Firstly, the appointment of judicial officers leaves much to be desired. Consider the case of Fumiko Saiga, a Japanese diplomat who became an ICC judge from 2005 until shortly before her death in 2009. Her appointment as a judge was meant to accommodate Japan as the second biggest donor to the ICC after the European Union. Unfortunately, Japan did not have a judge with a good command of any of the official languages of the court.  As a diplomat, Saiga had a good command of English and was therefore given the job despite her lack of legal training and judicial experience. 

Judicial Incompetence

After her death in 2009, she was replaced by another Japanese diplomat, Professor Oniko Ozaki, who possesed no judicial experience whatsoever. If our constitutional court orders our government to ensure that suspects extradited to countries that apply the death penalty are exempted from it, how can our constitution allow suspects to be extradited to a court that employs incompetent judges and falls far short of our expectations of competence?
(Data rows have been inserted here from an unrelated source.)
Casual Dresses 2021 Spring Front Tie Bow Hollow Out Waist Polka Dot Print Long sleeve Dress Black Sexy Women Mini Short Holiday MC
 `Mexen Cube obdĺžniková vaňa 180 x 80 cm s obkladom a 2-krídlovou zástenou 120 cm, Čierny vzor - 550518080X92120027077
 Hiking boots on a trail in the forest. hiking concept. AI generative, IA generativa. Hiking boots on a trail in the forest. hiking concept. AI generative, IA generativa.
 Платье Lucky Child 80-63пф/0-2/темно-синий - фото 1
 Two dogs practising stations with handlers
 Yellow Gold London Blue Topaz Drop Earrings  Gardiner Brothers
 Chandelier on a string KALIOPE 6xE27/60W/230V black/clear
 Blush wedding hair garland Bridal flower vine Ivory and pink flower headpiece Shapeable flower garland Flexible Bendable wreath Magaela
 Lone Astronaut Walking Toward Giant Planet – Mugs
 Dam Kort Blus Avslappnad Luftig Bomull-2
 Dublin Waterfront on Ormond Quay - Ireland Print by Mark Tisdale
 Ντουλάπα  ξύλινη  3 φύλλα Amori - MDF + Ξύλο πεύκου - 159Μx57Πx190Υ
 How is all of the above possible? It became possible because the ICC was never intended to try Westerners. It was intended for the former subjects of colonialism.  The court is the new instrument of colonialism. This was confirmed by the former British Foreign secretary, Robin Cookwho said: “If I may say so, this is not a court (meaning the ICC) setup to bring to book Prime Minister of the UK or President of the US”. Obviously this degree of honesty would not help to sell the court, especially to Africans. A more benign explanation had to be sought.  It came in the form of offering protection to vulnerable Africans from their leaders.  Professor Mahmood Mamdani reminds us that the History of modern Western Colonialism in the 18th and 19th century and imperialism of the 21st century claimed to be done for the protection of vulnerable groups.

The issue of Impunity

 Anyone who opposes the court is labeled as a supporter of impunity. Let us examine the concept of impunity where the ICC is concerned. At the recent conference of State Parties to the Rome statute, Botswana warned African countries wishing to exercise their right to terminate their membership of the court that their actions would lead to increased impunity. What is strange about this statement is that Botswana, Nigeria and Rwanda are amongst numerous African countries that have signed Article 98 waivers. Articles 98 waivers were introduced to modify American Service Members Protection Act (ASMP Act) of 2002. Section 2007(a) of the act prohibits military assistance to countries that are parties to the ICC. Articles 98 waivers were introduced to allow countries that were members of the ICC to continue to receive US military assistance on condition that they make the following concession; the signatories of the waiver committed not to hand over to the court any American serviceman accused of ANY war crime regardless of its seriousness. ASMP Act empowers the US armed forces to free by force any US service men held in The Hague by the ICC. This Act was subsequently dubbed ‘The Hague invasion law”.  As a signatory to Article 98, I struggle to understand how Botswana can preach about impunity. Article 98 waivers are the Holy Grail of impunity.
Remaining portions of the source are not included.